The following files will be provided with your whole-transcriptome results:
- Alignment report (total mappable reads, etc)
- Alignment results (.BAM. optional .SAM file)
- Counts file containing the number of reads matching annotated genes
- Differential expression report (optional)
- Functional analysis (optional)
- Non-coding counts report (optional)
- SNP report (optional)
For ChIP-Seq data, besides the sequence alignment to the reference (using Burrows-Wheeler Aligner, or BWA), the CBBI will further analyze your data with tools such as the Model-based Analysis for ChIP-Seq (MACS) and other tools to unveil binding sites within the genome. Users can load the results onto the UCSC browser or IGV to view regions in the context of genome.
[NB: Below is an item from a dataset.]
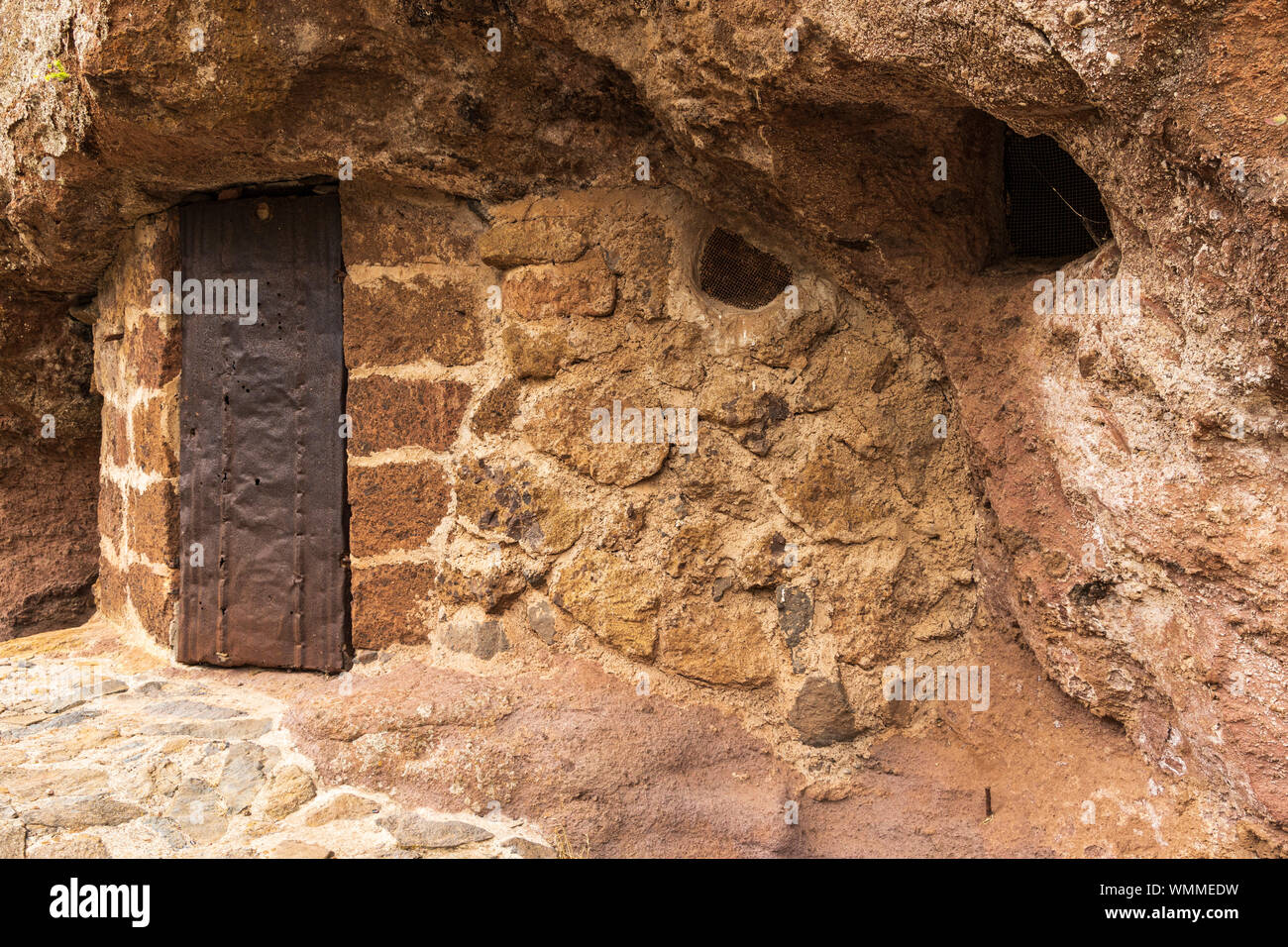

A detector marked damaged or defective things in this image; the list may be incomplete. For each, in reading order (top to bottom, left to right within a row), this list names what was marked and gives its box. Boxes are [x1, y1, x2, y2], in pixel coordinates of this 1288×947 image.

rusty metal door [177, 195, 348, 675]
rusted metal surface [177, 195, 348, 675]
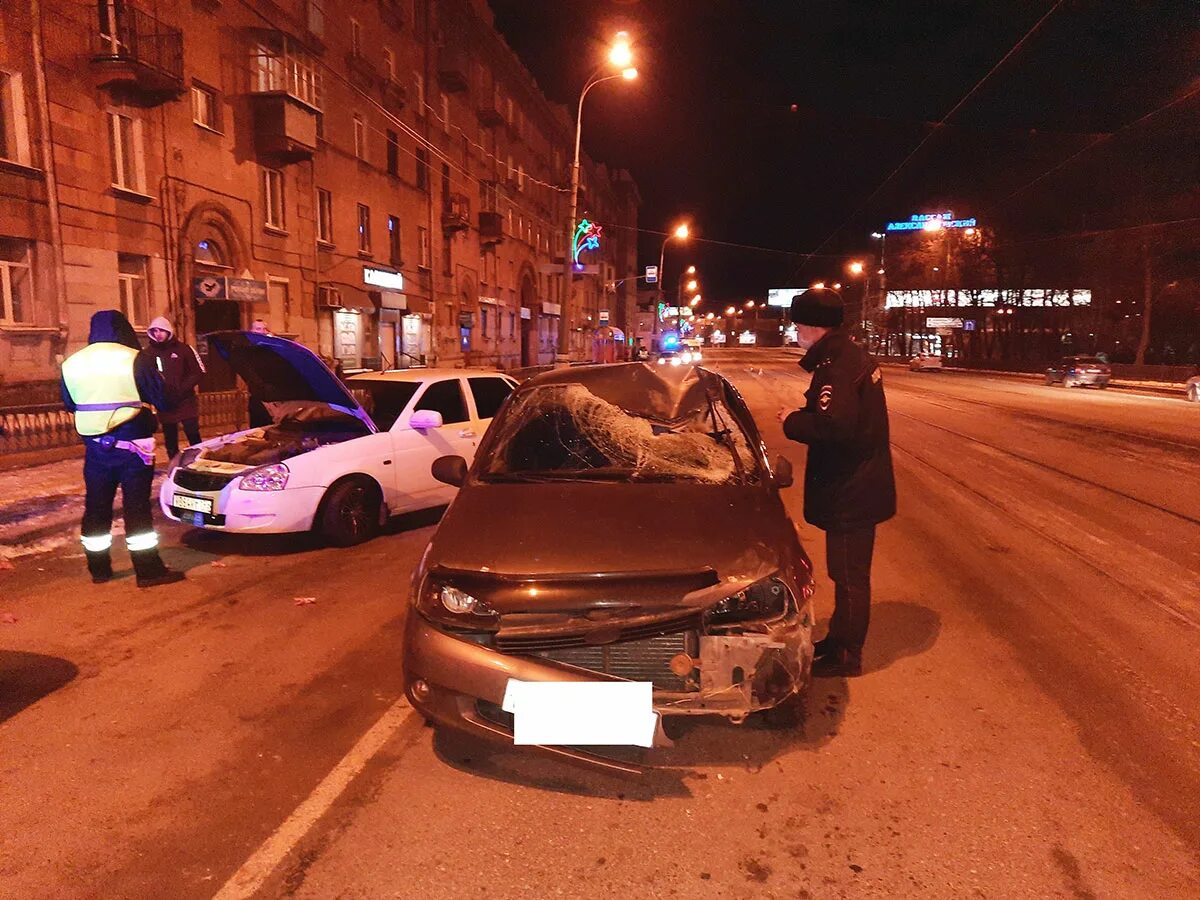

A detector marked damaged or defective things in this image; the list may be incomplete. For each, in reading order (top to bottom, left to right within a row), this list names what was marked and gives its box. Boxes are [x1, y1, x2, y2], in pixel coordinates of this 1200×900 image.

We will also assist user to use motif identification software such as the Motif-based sequence analysis suite (MEME) to discover common binding motifs.
The example files that will be provided with your ChIP-Seq are:
- Alignment file (.SAM or .BAM file)
- Peaks file (in .BED format)
- Peak annotation file
- Binding peak characteristics (percent in promoter regions, intronic regions, intergenic regions).
The facility should be listed in the "Acknowledgements" section of any publication using data generated in the Genome Sequencing Facility as follows:
- For internal members, "Data was generated in the Genome Sequencing Facility which is supported by UTHSCSA, NIH-NCI P30 CA054174 (CTRC at UTHSCSA) and NIH Shared Instrument grant 1S10OD021805-01 (S10 grant)."
- For all other members, "Data was generated in the Genome Sequencing Facility which is supported by NIH Shared Instrument grant 1S10OD021805-01 (S10 grant)."